Now, what had he been doing to get into such a fix?
The prisoner stood against the wall, white and defiant. He strained at his bonds silently, while his captors watched his futile struggles. There was something terrible and menacing in the quietness with which they gloated—a suggestion of some horror to come. At last he desisted, and burst forth.
"You've got me all right. You did this, Bailey, you —— traitor."
"He's never been a traitor, as far as we know," sneered one of the four. "In fact, I might say he's been strictly on the square with us."
"I didn't think you made war on women, either, Marsh Tremper, but it seems you're everything from a dog-thief down. Why couldn't you fight me alone, in the daylight, like a man?"
"You don't wait till a rattler's coiled before you stamp his head off," said the former speaker. "It's either you or us, and I reckon it's you."

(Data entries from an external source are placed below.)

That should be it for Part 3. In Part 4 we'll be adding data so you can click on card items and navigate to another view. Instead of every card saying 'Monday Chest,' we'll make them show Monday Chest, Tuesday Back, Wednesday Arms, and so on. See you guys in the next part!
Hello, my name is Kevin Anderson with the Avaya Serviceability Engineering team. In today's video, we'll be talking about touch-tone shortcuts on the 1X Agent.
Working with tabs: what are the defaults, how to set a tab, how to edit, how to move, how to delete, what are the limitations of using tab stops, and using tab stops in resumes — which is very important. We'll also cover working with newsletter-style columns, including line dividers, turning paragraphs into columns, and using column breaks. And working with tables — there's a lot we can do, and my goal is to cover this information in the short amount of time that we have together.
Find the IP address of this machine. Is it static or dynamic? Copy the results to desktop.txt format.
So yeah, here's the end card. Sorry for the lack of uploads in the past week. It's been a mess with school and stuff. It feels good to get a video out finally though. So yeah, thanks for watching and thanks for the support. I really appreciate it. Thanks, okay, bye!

So these were the Tremper boys, eh? The worst desperadoes in the Southwest; and Bailey was their ally. The watcher eyed them, mildly curious, and it seemed to him that they were as bad a quartette as rumour had painted—bad, even, for this country of bad men. The sheriff was a fool for getting mixed up with such people. Shorty knew enough to mind his own business, anyway, if others didn't. He was a peaceful man, and didn't intend to get mixed up with outlaws. His mellow meditations were interrupted by the hoarse speech of the sheriff, who had broken down into his rage again, and struggled madly while words ran from him.

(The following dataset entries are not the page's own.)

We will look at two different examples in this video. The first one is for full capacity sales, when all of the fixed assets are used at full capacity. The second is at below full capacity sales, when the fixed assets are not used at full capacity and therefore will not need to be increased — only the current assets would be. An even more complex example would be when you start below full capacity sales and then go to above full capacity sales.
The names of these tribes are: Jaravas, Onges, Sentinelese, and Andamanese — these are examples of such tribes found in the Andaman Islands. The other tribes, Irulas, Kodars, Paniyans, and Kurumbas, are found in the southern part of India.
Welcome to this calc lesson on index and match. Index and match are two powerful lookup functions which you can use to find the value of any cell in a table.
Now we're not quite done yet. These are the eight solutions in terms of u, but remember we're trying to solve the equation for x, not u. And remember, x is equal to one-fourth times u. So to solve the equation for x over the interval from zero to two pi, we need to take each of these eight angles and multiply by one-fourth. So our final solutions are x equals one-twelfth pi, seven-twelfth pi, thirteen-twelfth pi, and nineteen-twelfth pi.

"Let me go! —— you, let me free. I want to fight the coward that struck my wife. You've killed her. Who was it? Let me get at him."
Shorty stiffened as though a douche of ice-water had struck him. "Killed her! Struck his wife!" My God! Not that sweet creature of his dreams who had talked and smiled at him without noting his deformity—
An awful anger rose in him and he moved out into the light.